::: DATASET EXCERPTS :::
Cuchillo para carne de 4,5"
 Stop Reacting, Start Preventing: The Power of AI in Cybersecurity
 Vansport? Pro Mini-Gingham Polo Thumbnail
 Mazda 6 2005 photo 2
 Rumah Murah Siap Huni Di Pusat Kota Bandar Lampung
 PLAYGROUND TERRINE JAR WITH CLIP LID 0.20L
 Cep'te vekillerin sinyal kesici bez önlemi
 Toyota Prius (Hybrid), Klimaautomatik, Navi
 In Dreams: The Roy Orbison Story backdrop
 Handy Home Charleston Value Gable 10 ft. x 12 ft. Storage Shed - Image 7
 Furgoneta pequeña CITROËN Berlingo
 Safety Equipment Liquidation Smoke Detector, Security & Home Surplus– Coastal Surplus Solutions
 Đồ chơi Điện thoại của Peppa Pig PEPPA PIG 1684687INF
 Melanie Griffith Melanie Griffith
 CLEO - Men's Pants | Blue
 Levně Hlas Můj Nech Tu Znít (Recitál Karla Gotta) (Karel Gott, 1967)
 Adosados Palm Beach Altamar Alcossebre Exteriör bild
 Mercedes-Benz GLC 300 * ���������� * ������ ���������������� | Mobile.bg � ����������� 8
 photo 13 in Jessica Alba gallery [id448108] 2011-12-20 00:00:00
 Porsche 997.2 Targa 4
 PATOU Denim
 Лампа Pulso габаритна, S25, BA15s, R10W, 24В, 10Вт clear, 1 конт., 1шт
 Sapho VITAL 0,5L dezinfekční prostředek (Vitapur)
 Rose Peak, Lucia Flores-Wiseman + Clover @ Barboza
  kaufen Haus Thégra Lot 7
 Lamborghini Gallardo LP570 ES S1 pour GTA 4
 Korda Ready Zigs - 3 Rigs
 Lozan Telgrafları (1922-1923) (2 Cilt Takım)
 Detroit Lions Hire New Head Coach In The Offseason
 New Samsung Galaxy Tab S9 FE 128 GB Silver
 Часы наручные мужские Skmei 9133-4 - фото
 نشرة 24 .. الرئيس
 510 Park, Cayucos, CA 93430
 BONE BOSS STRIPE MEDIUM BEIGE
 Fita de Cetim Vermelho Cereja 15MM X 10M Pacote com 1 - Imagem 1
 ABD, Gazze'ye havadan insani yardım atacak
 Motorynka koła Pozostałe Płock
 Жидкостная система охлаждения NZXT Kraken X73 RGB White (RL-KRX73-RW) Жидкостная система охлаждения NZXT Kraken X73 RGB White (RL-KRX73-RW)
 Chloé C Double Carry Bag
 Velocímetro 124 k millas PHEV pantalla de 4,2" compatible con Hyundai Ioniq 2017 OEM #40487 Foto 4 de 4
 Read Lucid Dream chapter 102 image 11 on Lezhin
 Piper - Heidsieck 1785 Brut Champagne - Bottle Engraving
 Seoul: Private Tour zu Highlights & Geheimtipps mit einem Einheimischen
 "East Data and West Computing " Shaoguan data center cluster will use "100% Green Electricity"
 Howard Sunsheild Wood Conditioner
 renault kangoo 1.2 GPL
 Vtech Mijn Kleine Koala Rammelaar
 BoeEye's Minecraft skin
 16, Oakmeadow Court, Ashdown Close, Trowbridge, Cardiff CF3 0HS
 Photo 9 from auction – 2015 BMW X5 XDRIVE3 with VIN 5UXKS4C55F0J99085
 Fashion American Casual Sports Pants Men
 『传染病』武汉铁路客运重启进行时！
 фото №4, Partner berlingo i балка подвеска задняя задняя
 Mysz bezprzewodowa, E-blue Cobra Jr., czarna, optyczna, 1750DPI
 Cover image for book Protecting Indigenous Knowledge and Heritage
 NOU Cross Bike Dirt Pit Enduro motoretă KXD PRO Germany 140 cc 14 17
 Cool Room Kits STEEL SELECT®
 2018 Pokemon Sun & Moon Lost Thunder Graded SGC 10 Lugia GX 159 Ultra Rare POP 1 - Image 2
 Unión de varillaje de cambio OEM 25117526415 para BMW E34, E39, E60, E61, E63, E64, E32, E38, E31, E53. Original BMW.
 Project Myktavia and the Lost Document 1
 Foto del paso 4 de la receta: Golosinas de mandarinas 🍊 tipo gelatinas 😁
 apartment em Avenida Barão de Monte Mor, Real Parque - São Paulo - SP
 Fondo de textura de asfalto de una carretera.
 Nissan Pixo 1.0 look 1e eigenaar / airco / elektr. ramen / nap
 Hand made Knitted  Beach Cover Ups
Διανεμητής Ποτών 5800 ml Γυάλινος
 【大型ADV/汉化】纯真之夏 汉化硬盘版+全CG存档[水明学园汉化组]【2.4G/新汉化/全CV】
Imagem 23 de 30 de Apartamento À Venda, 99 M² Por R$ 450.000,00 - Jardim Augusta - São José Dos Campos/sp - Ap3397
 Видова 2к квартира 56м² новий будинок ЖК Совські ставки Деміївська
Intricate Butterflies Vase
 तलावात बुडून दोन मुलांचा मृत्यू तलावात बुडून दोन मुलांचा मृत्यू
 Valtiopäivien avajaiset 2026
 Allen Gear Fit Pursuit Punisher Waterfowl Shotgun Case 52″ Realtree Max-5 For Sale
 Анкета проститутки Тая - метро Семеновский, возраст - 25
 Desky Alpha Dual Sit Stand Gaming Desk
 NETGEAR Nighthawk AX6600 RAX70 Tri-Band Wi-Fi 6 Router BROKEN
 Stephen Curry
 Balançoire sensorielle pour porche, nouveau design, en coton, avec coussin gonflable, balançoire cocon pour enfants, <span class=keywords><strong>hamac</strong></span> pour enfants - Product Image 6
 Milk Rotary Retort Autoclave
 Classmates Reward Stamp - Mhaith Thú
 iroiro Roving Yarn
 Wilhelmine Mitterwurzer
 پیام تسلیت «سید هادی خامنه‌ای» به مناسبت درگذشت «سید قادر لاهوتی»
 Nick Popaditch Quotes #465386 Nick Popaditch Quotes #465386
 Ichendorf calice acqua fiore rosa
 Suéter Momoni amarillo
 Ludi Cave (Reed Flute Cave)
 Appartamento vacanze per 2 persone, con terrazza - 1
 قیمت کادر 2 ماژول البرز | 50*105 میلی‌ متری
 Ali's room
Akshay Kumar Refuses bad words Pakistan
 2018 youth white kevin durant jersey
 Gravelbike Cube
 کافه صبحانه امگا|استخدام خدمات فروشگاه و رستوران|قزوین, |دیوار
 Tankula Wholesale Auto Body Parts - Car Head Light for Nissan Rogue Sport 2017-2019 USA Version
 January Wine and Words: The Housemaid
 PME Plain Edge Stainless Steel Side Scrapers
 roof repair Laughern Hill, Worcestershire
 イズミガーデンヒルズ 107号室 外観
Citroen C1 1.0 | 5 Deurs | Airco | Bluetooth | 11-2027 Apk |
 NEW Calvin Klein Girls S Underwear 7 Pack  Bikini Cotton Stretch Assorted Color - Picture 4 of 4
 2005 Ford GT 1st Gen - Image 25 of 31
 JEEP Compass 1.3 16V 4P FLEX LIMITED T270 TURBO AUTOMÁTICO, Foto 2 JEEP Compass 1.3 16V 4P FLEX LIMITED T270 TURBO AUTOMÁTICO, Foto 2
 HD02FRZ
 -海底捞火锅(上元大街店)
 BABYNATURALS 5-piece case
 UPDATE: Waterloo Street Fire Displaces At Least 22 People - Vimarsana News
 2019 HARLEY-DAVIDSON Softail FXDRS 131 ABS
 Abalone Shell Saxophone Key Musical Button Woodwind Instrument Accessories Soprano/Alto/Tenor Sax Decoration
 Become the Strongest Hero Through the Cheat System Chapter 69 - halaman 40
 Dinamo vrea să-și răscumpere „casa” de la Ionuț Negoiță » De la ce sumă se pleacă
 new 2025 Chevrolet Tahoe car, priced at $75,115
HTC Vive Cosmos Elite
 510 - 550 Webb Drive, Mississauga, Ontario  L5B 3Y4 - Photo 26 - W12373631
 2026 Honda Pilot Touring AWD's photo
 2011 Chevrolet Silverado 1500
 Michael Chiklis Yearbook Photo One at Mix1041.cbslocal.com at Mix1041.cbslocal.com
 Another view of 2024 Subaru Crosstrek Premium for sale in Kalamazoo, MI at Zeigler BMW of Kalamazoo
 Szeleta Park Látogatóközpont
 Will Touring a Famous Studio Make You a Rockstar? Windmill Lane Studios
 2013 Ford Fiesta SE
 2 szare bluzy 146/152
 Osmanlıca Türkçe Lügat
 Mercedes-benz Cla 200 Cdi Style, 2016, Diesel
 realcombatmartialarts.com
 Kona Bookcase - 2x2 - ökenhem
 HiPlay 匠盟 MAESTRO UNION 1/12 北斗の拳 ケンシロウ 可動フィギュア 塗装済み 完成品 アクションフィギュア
:::
[TASK]: Looking through the records, copy out every line in which the word "Imagem" is found.

[OUTPUT]:
 Fita de Cetim Vermelho Cereja 15MM X 10M Pacote com 1 - Imagem 1
Imagem 23 de 30 de Apartamento À Venda, 99 M² Por R$ 450.000,00 - Jardim Augusta - São José Dos Campos/sp - Ap3397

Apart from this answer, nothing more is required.